• **What needs to be done**
The output should hold exactly, and only, the lines from the line bearing "The Target Ions" through the last line of the listing below, and no pictures.
- Opening Delimiter -
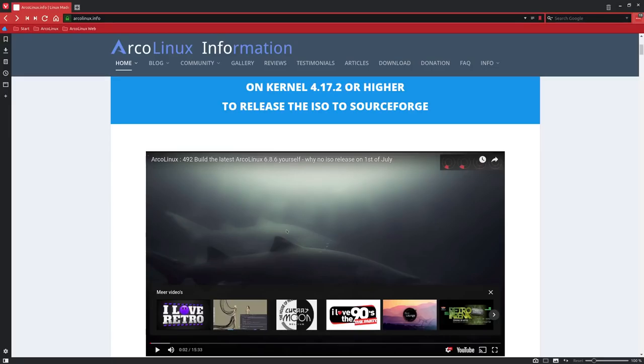Welcome to this video. We are going to show you how to migrate from 6.8.2 to 6.8.6.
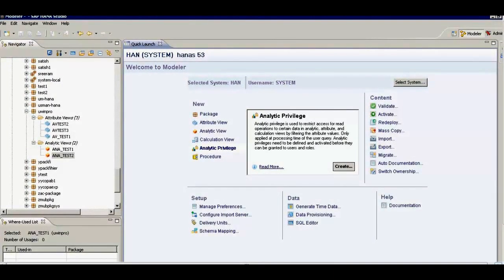Today we will talk about attribute views and analytic views. Attribute views are created with either one table or multiple tables. If I'm using one table and my table has a large number of fields, I will be able to select a few fields from the table as output to use in my reports. Under the package uwinpro we have three attribute views.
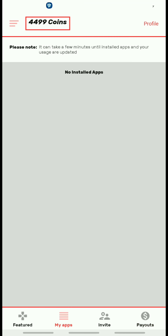I just opened this app and haven't played any games yet. I will be doing an updated video to show you basically how I've been earning, what my balance is, and how I'm able to cash out.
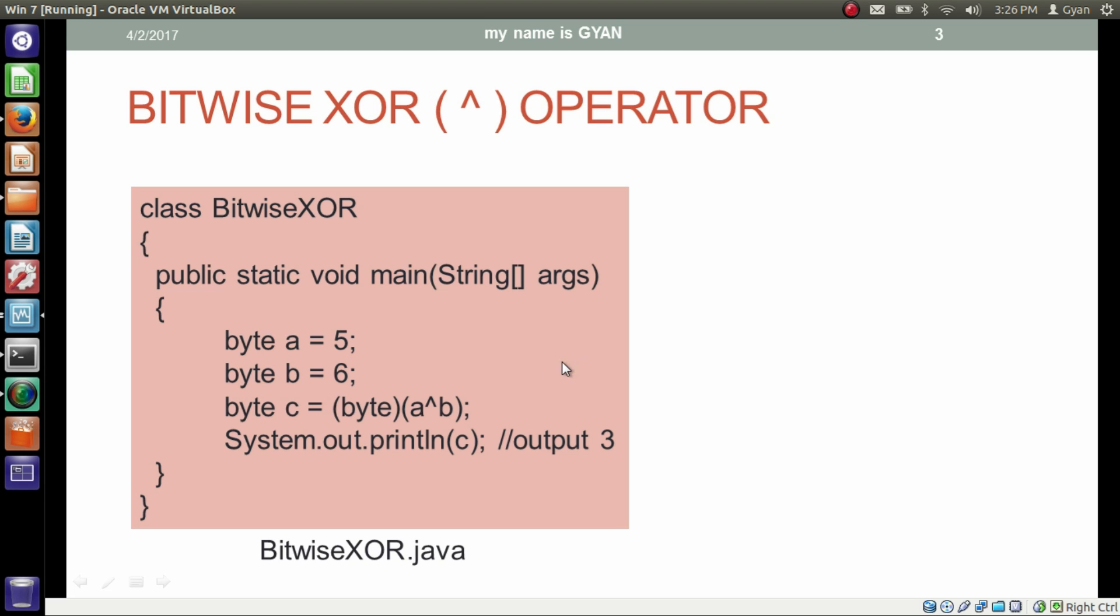In this program we are using the XOR operator. We have a byte variable a which contains 5, another byte variable b which contains 6, and a byte variable c which stores a XOR b. Output of this result is of type integer which we are typecasting to byte. And finally we are printing the byte variable c which results in 3.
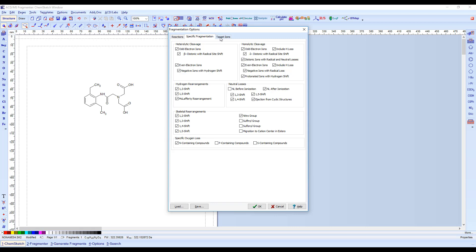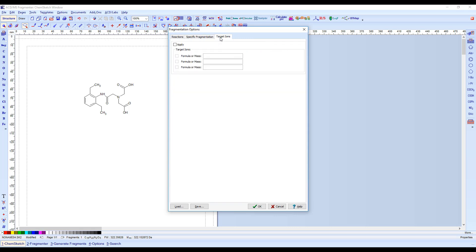The Target Ions tab allows you to input specific ions by mass or molecular formula. The software will then target those ions.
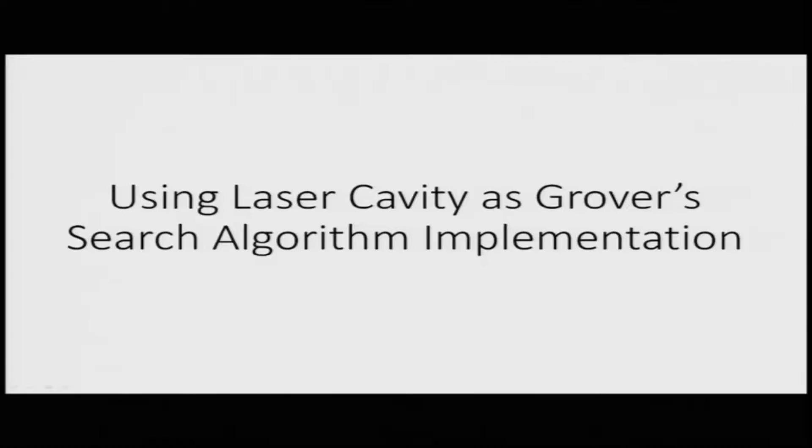As discussed in the last lecture, we will now be looking at the implementation of Grover's algorithm by using optical techniques. In particular, we will be looking at using a laser cavity as a Grover's search algorithm implementation.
- Closing Delimiter -
• **Problem solution**
The Target Ions tab allows you to input specific ions by mass or molecular formula. The software will then target those ions.
As discussed in the last lecture, we will now be looking at the implementation of Grover's algorithm by using optical techniques. In particular, we will be looking at using a laser cavity as a Grover's search algorithm implementation.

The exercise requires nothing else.